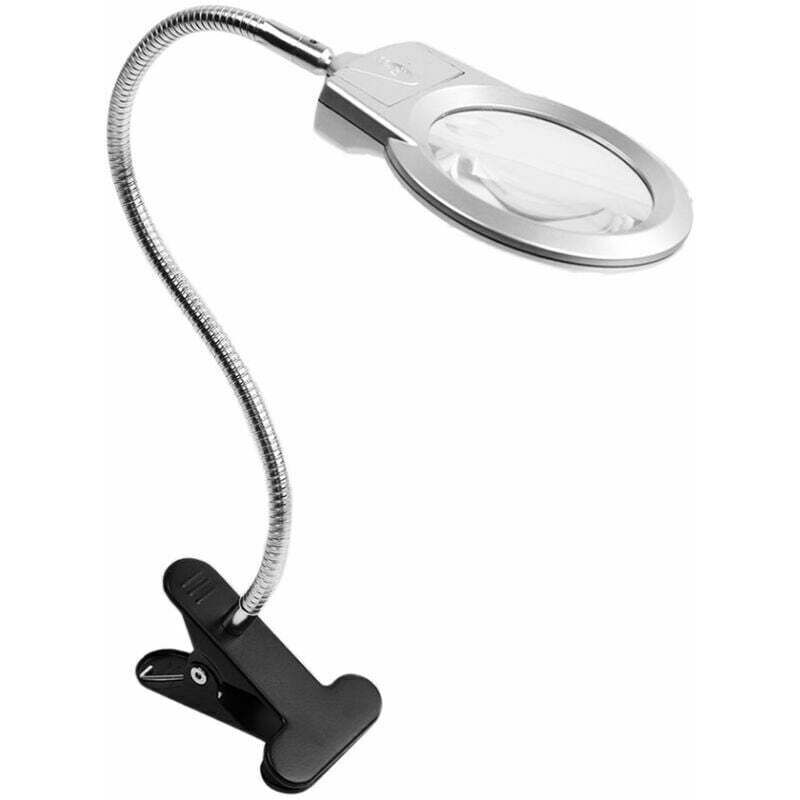 Professionelle, Freihändige, Flexible Kristall-schreibtischlampe Mit Led-beleuchteter Lupe Und Klemme Zum Lesen, Für Diamantmalerei Und Kreuzstich.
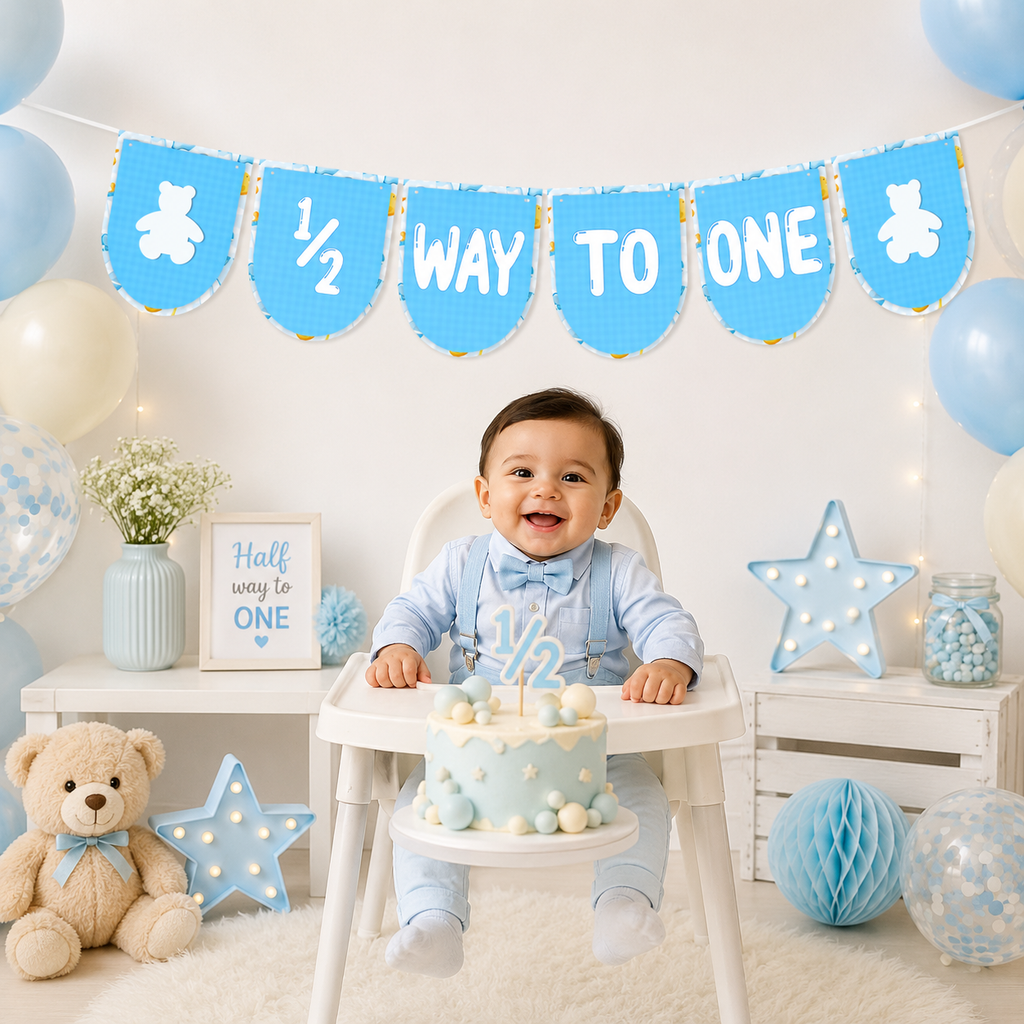 Half Birthday Banner | Halfway To One | Boy 6 Months Birthday Banner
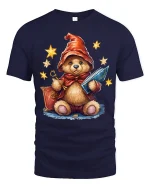 Cute Wizard Teddy Bear Graphic T Shirt Magical Fantasy Art Style - navy t-shirt on white background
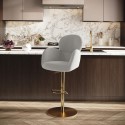 JLE007 Beige Boucle Adjustable Swivel Bar Stool with Back - Joelle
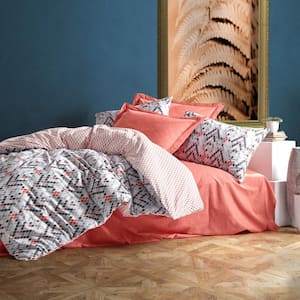 Orange Paradise Cotton Duvet Cover Set, Full Size Duvet Cover, 1-Duvet Cover, 1-Fitted Sheet and 2-Pillowcases Orange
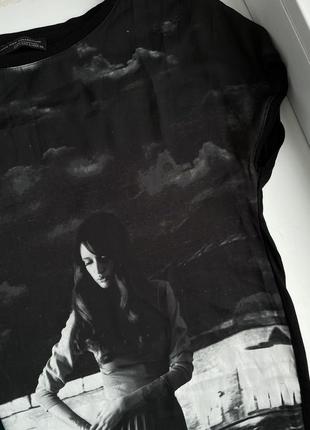 Стильное платье футболка zara с фото принтом размер s зара4 фото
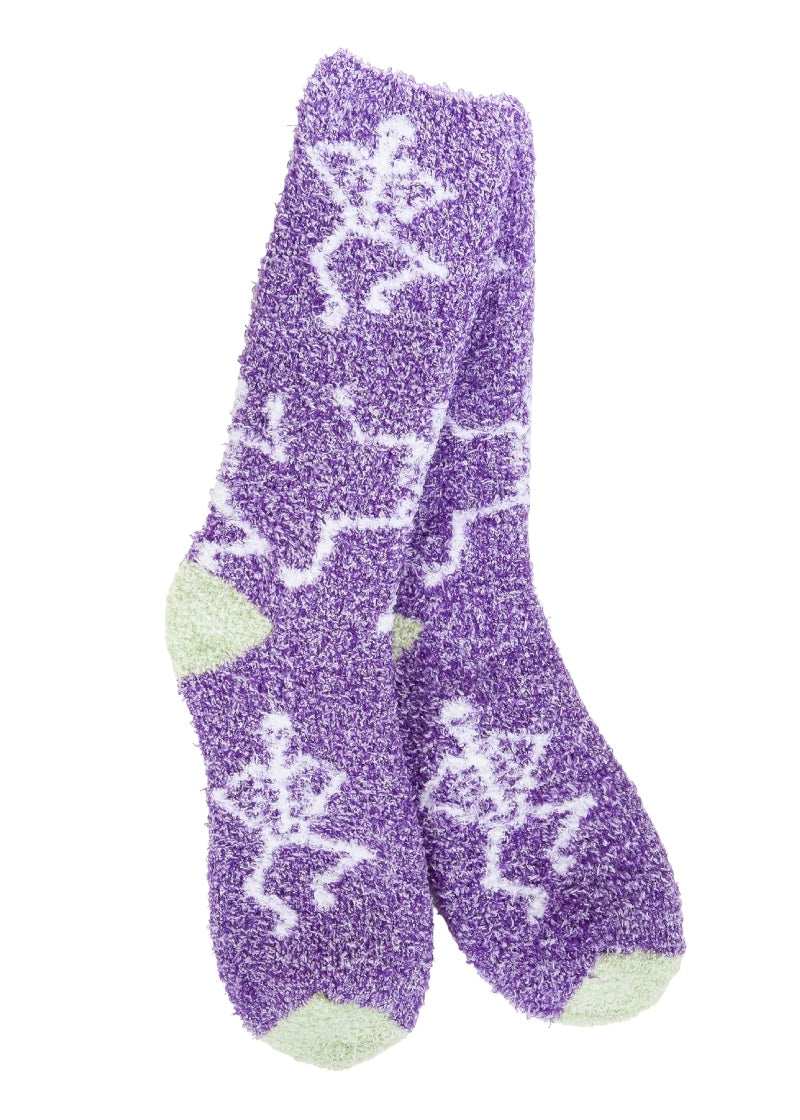 World's Softest Socks Knit Pickin' fuzzy crew socks in Skully; purple background with gray heel and toe and skeleton pattern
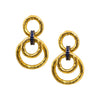 Gold Plated Brass Turkish Earrings - Blue Gems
▬▬▬▬▬▬
_The task_
Only the text of the records belongs in the answer, printed exactly and without pictures.

_Expected answer_
 Professionelle, Freihändige, Flexible Kristall-schreibtischlampe Mit Led-beleuchteter Lupe Und Klemme Zum Lesen, Für Diamantmalerei Und Kreuzstich.
 Half Birthday Banner | Halfway To One | Boy 6 Months Birthday Banner
 Cute Wizard Teddy Bear Graphic T Shirt Magical Fantasy Art Style - navy t-shirt on white background
 JLE007 Beige Boucle Adjustable Swivel Bar Stool with Back - Joelle
 Orange Paradise Cotton Duvet Cover Set, Full Size Duvet Cover, 1-Duvet Cover, 1-Fitted Sheet and 2-Pillowcases Orange
 Стильное платье футболка zara с фото принтом размер s зара4 фото
 World's Softest Socks Knit Pickin' fuzzy crew socks in Skully; purple background with gray heel and toe and skeleton pattern
 Gold Plated Brass Turkish Earrings - Blue Gems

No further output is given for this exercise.